In talking with a dear friend about the WILDA approach, she asked two incredibly important questions:
- What about non-physical pain? The WILDA vocabulary do not apply well to mental, emotional, social or spiritual/existential pain. We agree that it is misguided to conceptualize these as exclusive or can be distinguished from one another.
- How do we move beyond a comparison of pain against NO-pain? If zero discomfort is the standard of ‘normal,’ both she and I are immediately out of the conversation because that does not happen for either of us.
I don’t have an answer to these questions even just for myself, but I do know that I benefit from conversations about it and that sometimes having a starting place to bounce off of helps advance the cause.
A book that has been helpful as a parent is Maria Lamia, PhD’s Understanding MYSELF: A kid’s guide to intense emotions and strong feelings (2011).
Dr. Lamia’s review gives broad descriptions of emotional landscapes and provides key words that may be associated with these. Each chapter includes information in straightforward language, first-person kid quotes, a short survey of self-evaluation, resources for building resilience, and some research-based science. There’s part of me that experiences my pained and suffering Self as childlike…that I do best in understanding, relating and creating spaces for healing when I can hold myself gently in that mindset.

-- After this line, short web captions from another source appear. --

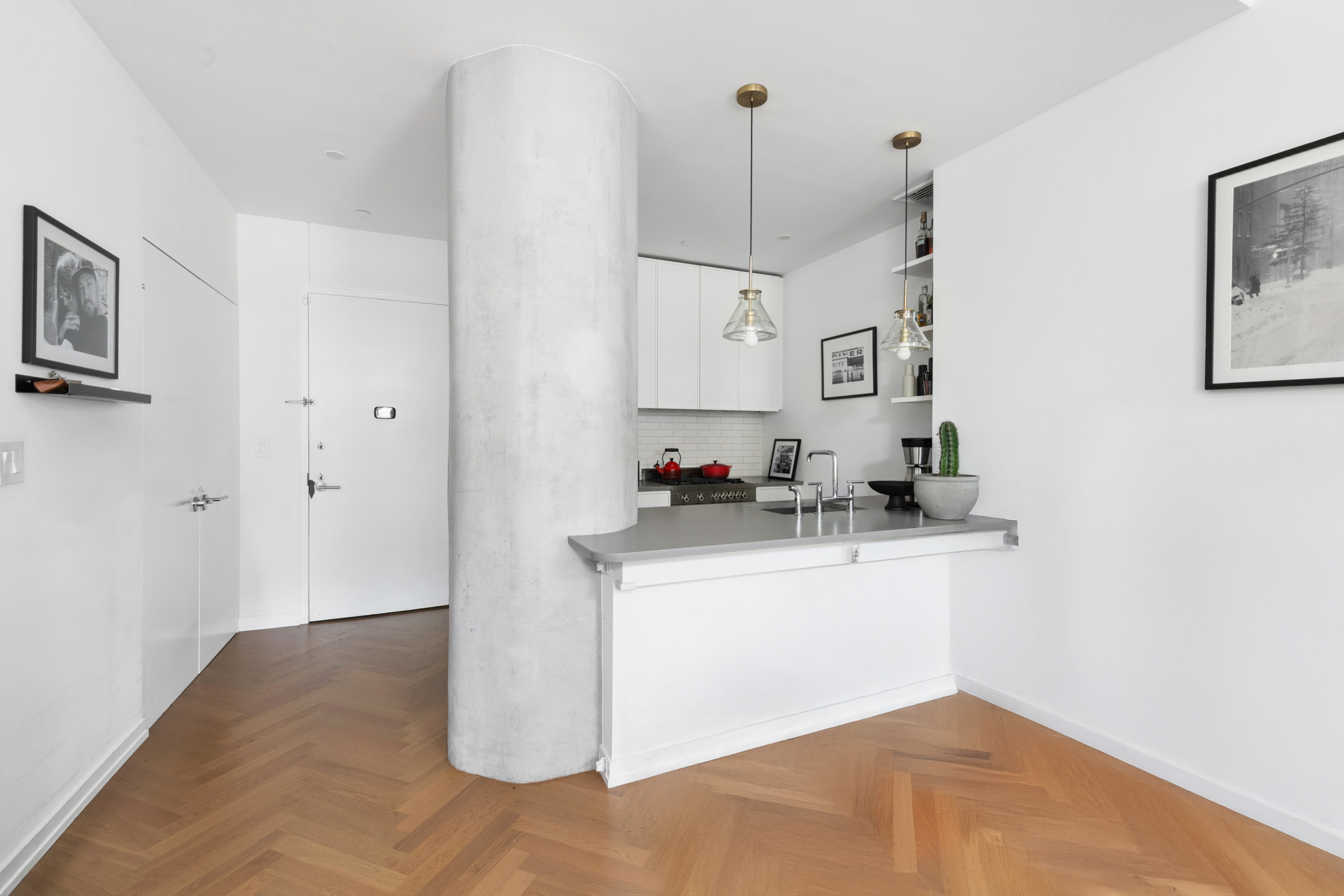 184 Kent Avenue, Unit D315 Brooklyn, NY 11249 - Photo 2 of 19 a kitchen with stainless steel appliances granite countertop a sink and a refrigerator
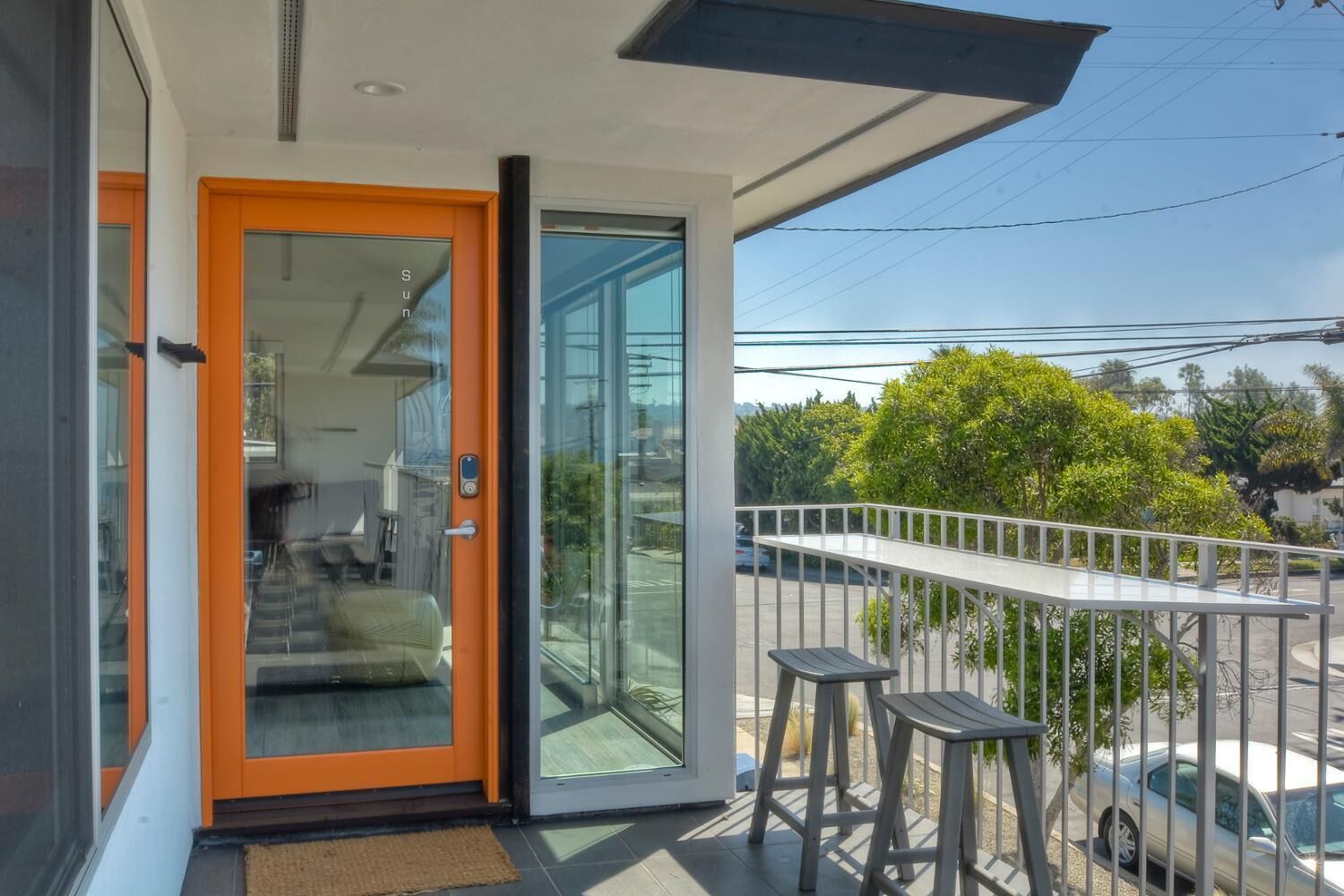 A modern apartment with a glass door leading to a living area, a balcony with a railing, and a view of the street.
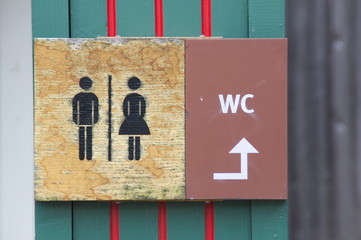 A toilet sign in a public park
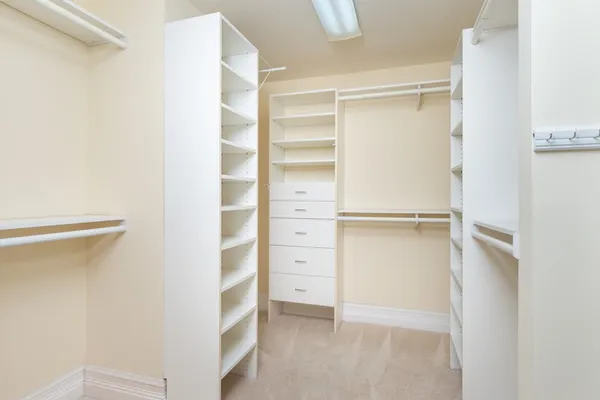 a spacious bathroom with a double vanity sink a large mirror and a shower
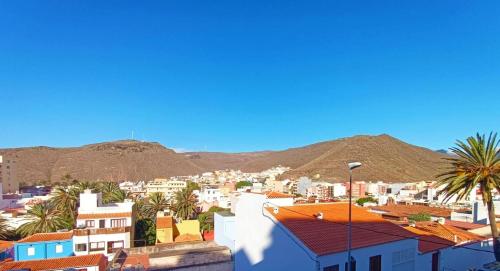 a view of a city with mountains and buildings at Miramar 5 - San Sebastin de La Gomera in San Sebastián de la Gomera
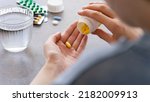 Small photo of Close up woman holding pill in hand with water. Female going to take tablet from headache, painkiller, medication drinking clear water from glass. Healthcare, medicine, treatment, therapy concept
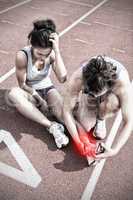 Composite image of woman caring about runner with sports injury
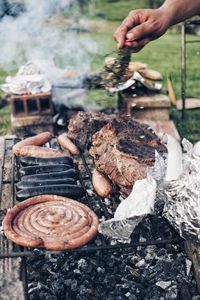 Midsection of person preparing food on barbecue grill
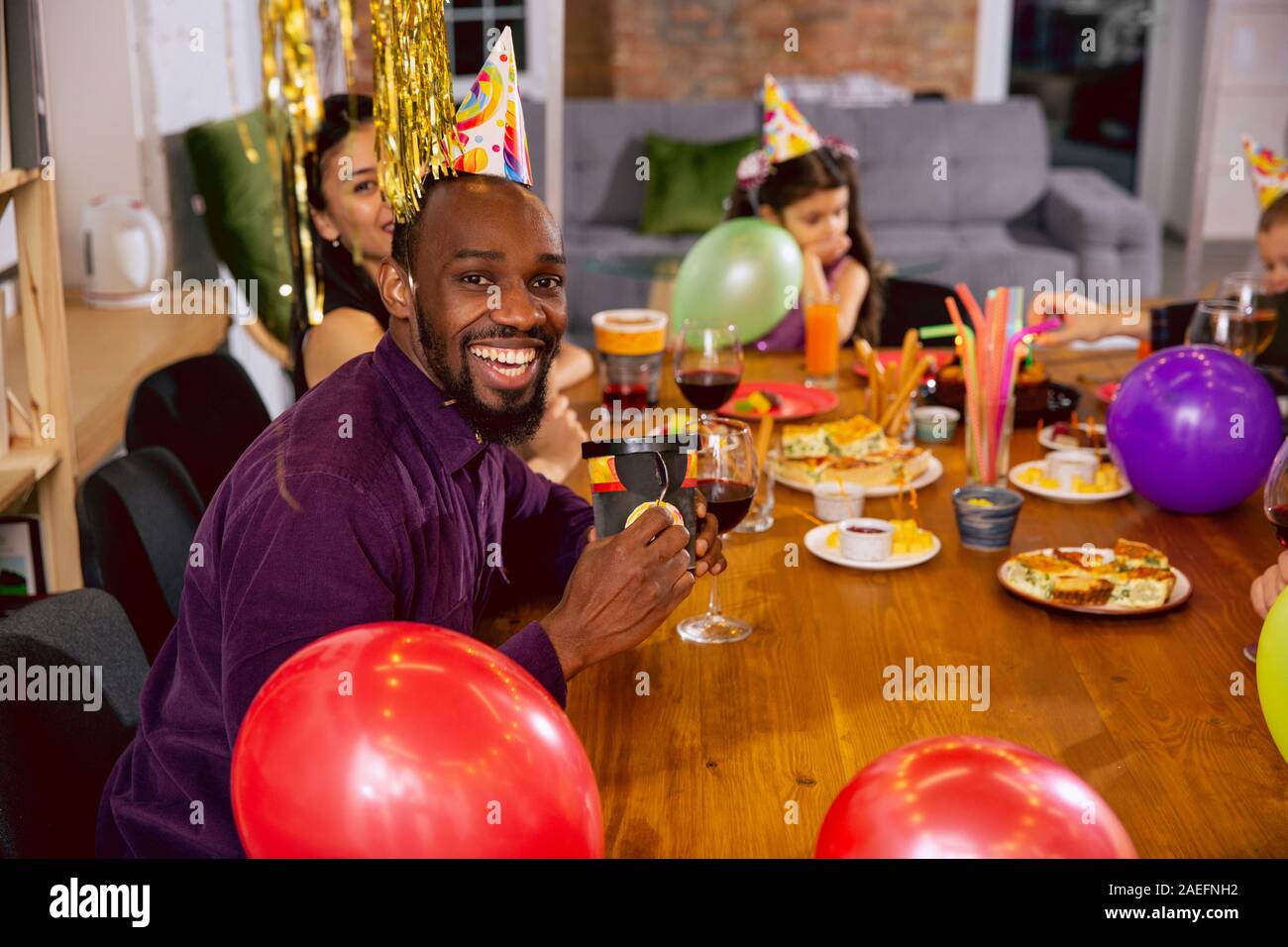 Portrait of happy famille multiethnique fêter un anniversaire à la maison. Grande famille de manger des collations et de boire du vin tout en s'amusant et d'accueil des enfants. Célébration, famille, parti, home concept. Banque D'Images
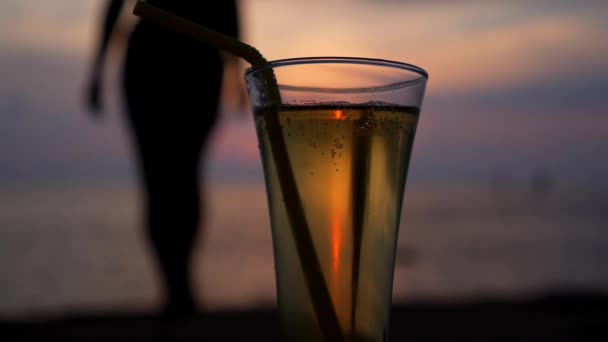 Silueta femenina y vaso de bebida refrescante al atardecer — Vídeo de stock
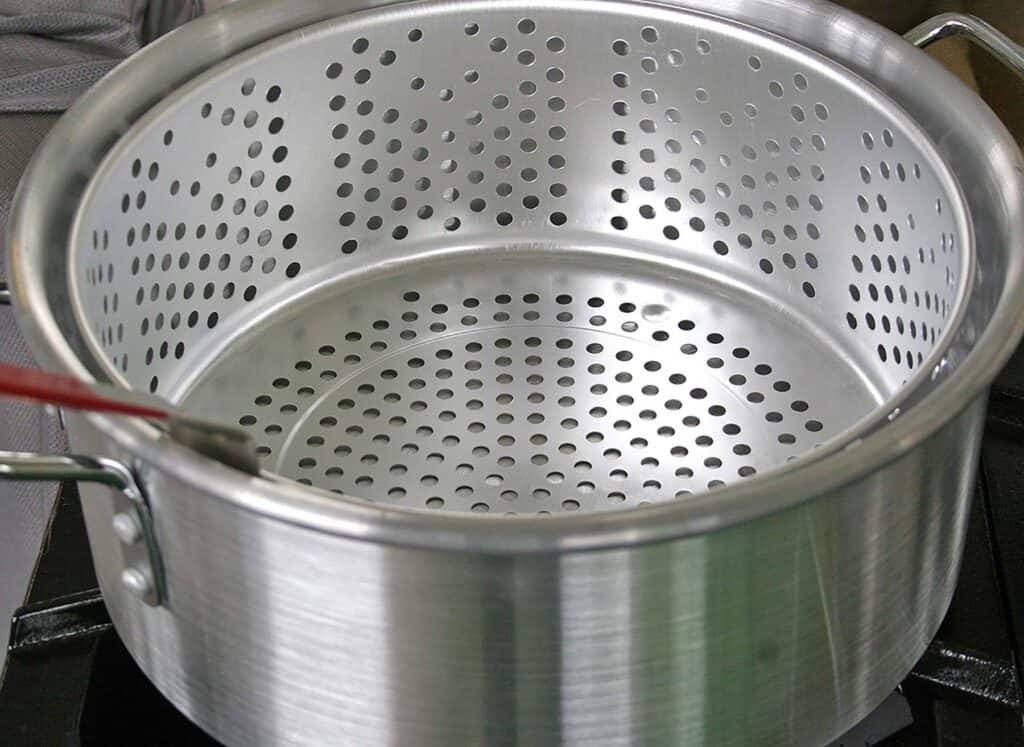 Metal strainer in stainless steel pot.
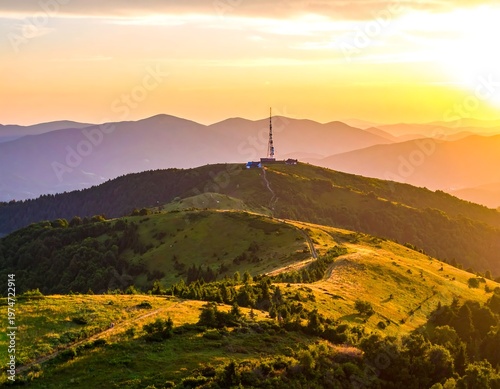 A scenic vista showcasing a vibrant sunset over a mountain range with a communications tower and winding pathways. The landscape is lush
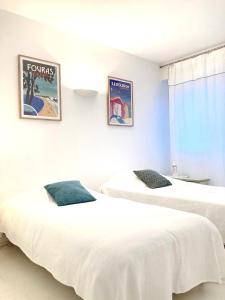 two beds in a room with white sheets at MAISON CENTRE VILLE AVEC JARDIN , TERRASSE, et GARAGE VELOS in La Rochelle
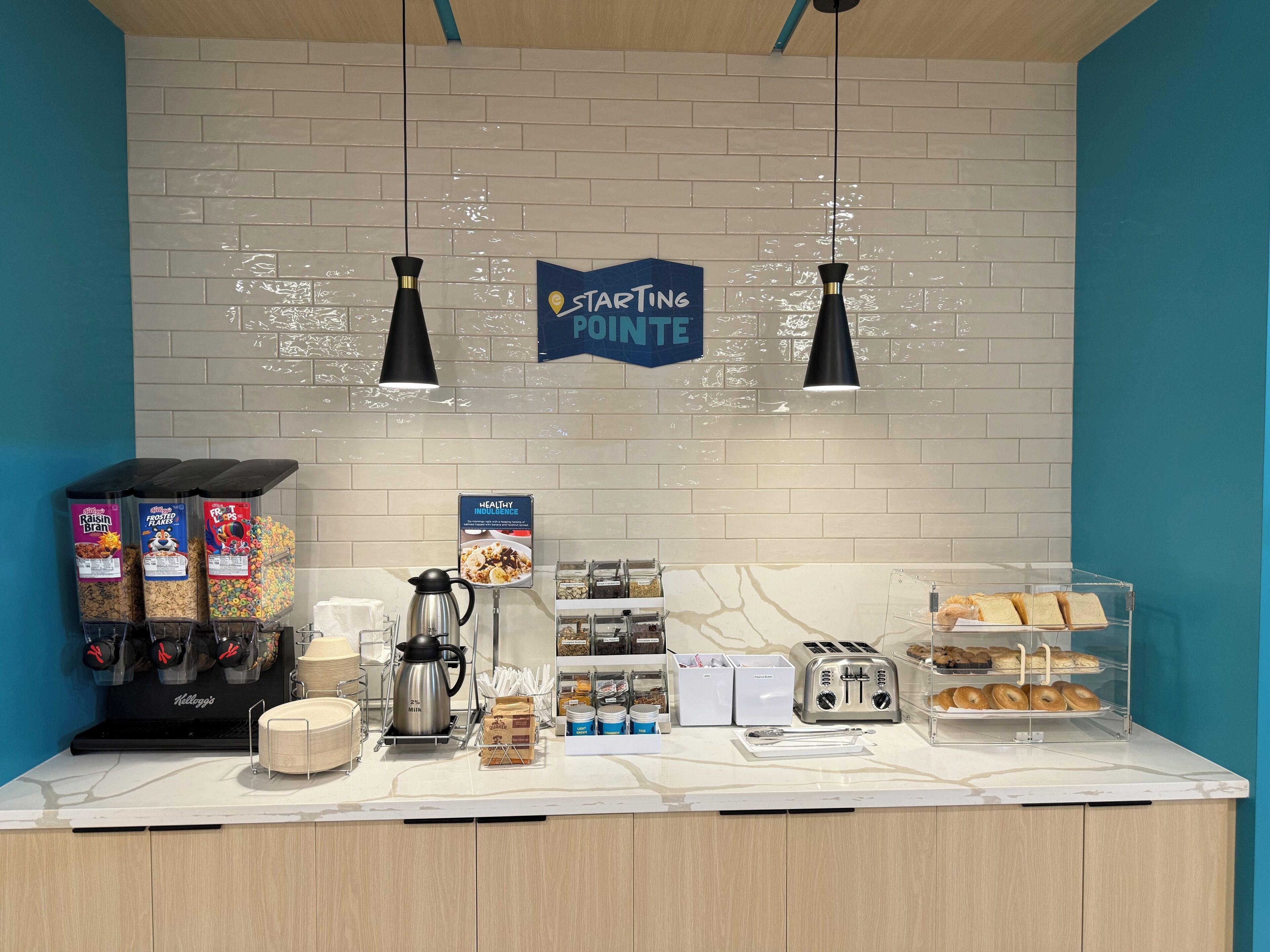 A breakfast bar with various food items, a coffee maker, and a toaster.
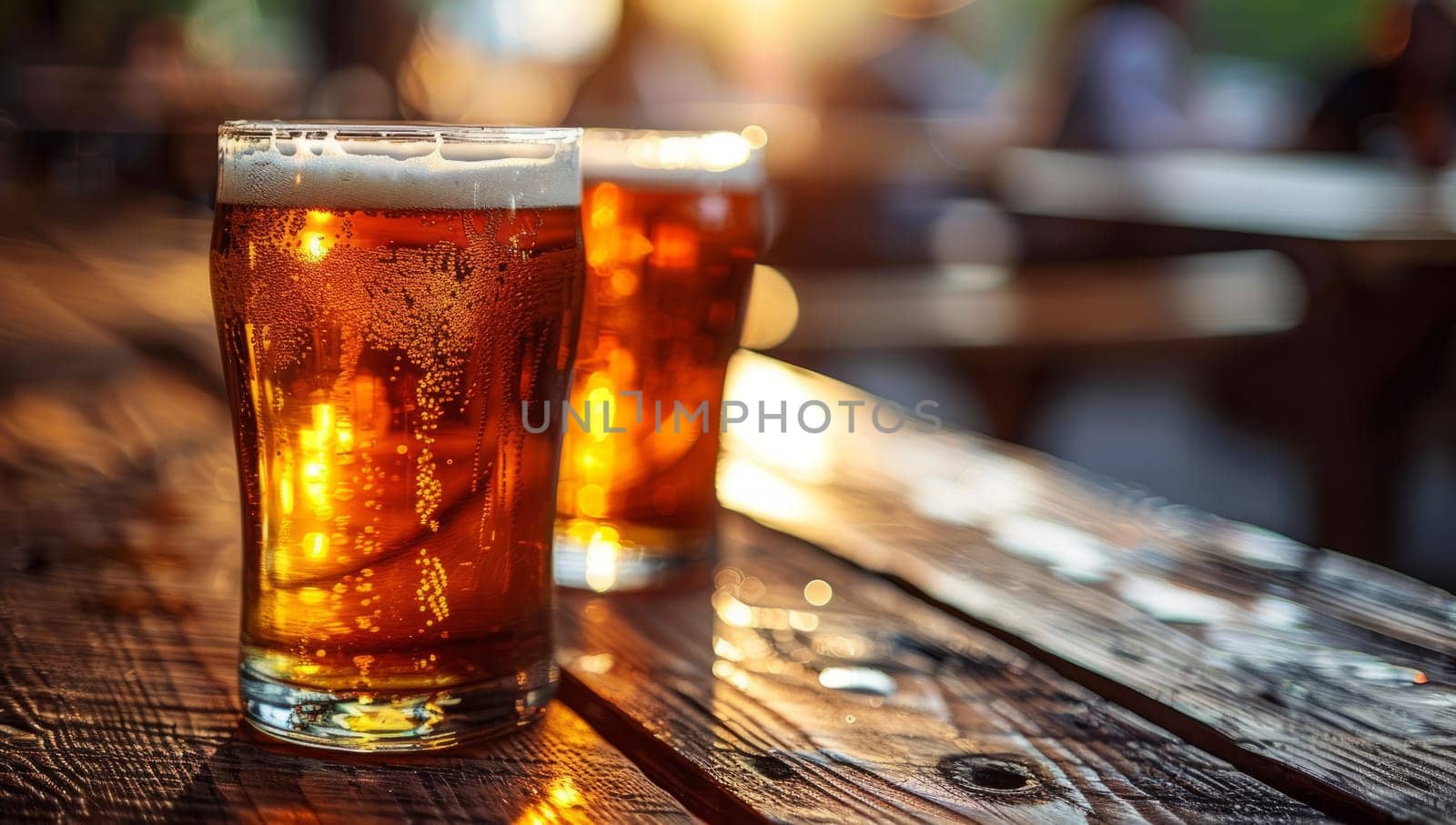 Two glasses of cold craft beer on rustic wooden table in pub or bar. Refreshing amber ale or lager in pint glasses, perfect for unwinding after work or on weekend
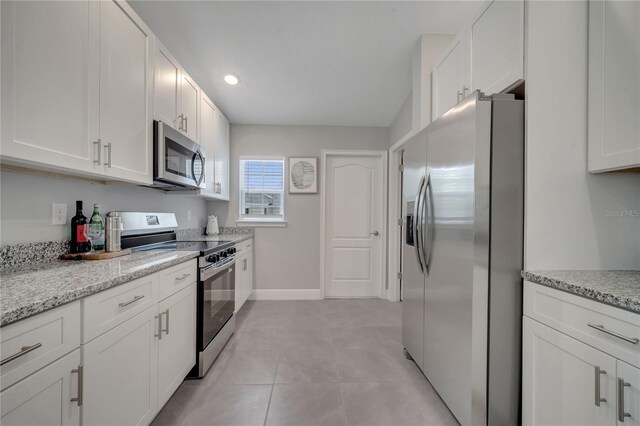33 Peterlee Ct, Kissimmee, FL 34758 - kitchen with appliances with stainless steel finishes, white cabinets, and light tile patterned floors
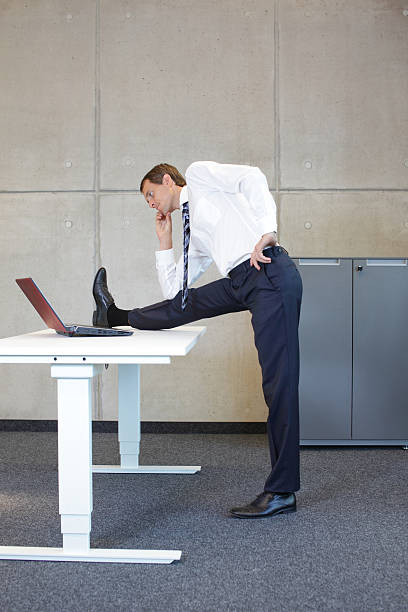 istock business man stretching in standing position at desk leg 529981551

I reviewed Dr. Lamia’s vocabulary for the areas of Feeling Self-Conscious (which includes embarrassment, guilt, shame, and pride), Feeling Threatened (as with anxiety, fear, and disgust), and Feeling Gloomy (loneliness, sadness, and grief).
Note: I kept the terms for Pride in the table, but I tend to associate that as a positive and I am not sure how that would correspond to medical/mental health teams at least in the same way as the other feelings and emotions.
With my kids, I can just turn to the main chapter grouping and have them review the words — typically, they find that there are a few that ‘jump out at them’ almost as if they were written in a special font at that moment. Now that they are teens, we can talk more about the nature of their thinking — are thoughts like ping-pong balls, bouncing out of control? How about circling around or spiraling outward from a central, negative idea? Maybe just stuck and unmoving?
I say this is something I do with my kids, which it is, but it is as much a process I am trying to learn myself as it is something I hope to impart as a parent.
So that’s where I am with this, fully aware that this is not a whole picture.
I do not yet have vocabulary for really any social or spiritual/existential pain — although I suspect there is some overlap within aching loss and/or feelings of being outside of a higher order of belonging.
I also know that there are cultural differences in the experience of word meaning particularly as it relates to co-constructed understanding as with exchanges of information. As one example, being white may have had an influence on my cousin’s use of profanity as being heard as emphatic and passionate rather than with implicit biases of being unsophisticated, threatening, or disrespectful. Conversations among speakers of the same primary language undoubtedly go more smoothly than when there is a translation involved — particularly when some languages may not share common meaning in expression or tone. The very real risk is informed consent may not be achieved, and in medical-health situations that rapidly becomes dangerous.